To do:
Copy out each line below verbatim, skipping any picture.

Data shown:
- Opening Delimiter -

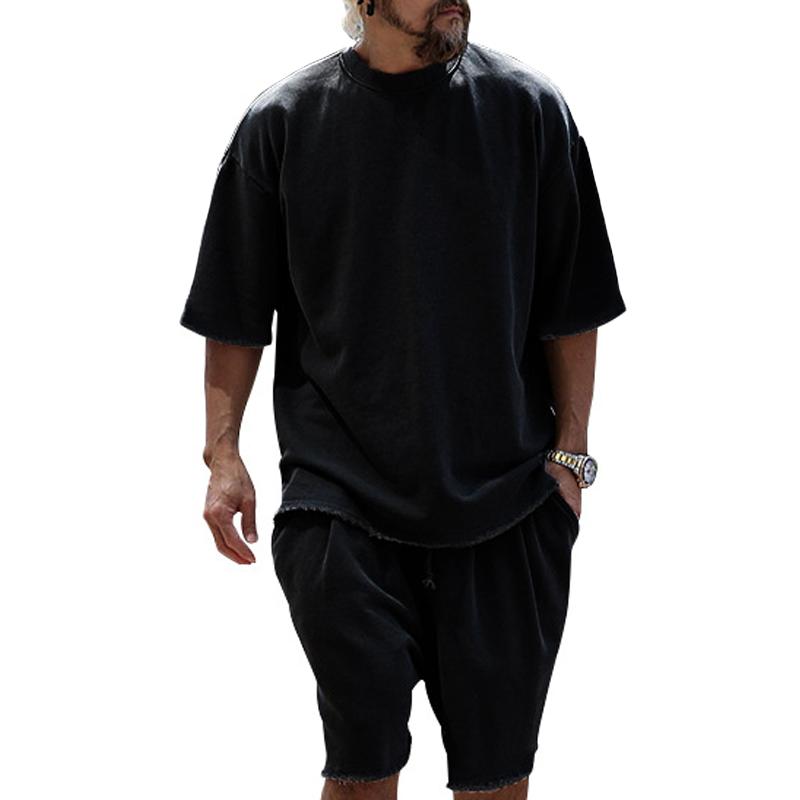 Kenji | Men's Loose Fit Cotton Tee & Shorts Set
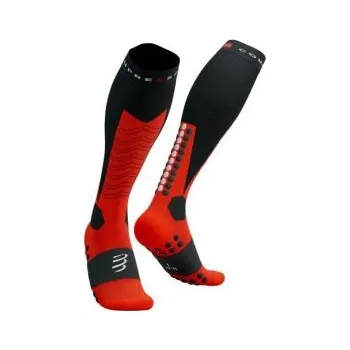 Pánské ponožky COMPRESSPORT SKI MOUNTAINEERING FULL SOCKS BLACK/RED T4 podkolenky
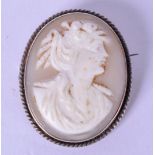 A SILVER MOUNTED CAMEO BROOCH, carved with the portrait of a female. 3.2 cm x 2.6 cm.
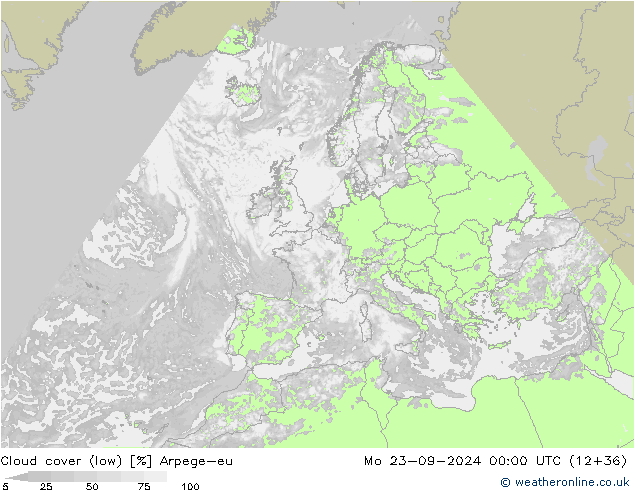 Wolken (tief) Arpege-eu Mo 23.09.2024 00 UTC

- Closing Delimiter -

Result of the exercise:
 Kenji | Men's Loose Fit Cotton Tee & Shorts Set
 Pánské ponožky COMPRESSPORT SKI MOUNTAINEERING FULL SOCKS BLACK/RED T4 podkolenky
 A SILVER MOUNTED CAMEO BROOCH, carved with the portrait of a female. 3.2 cm x 2.6 cm.
 Wolken (tief) Arpege-eu Mo 23.09.2024 00 UTC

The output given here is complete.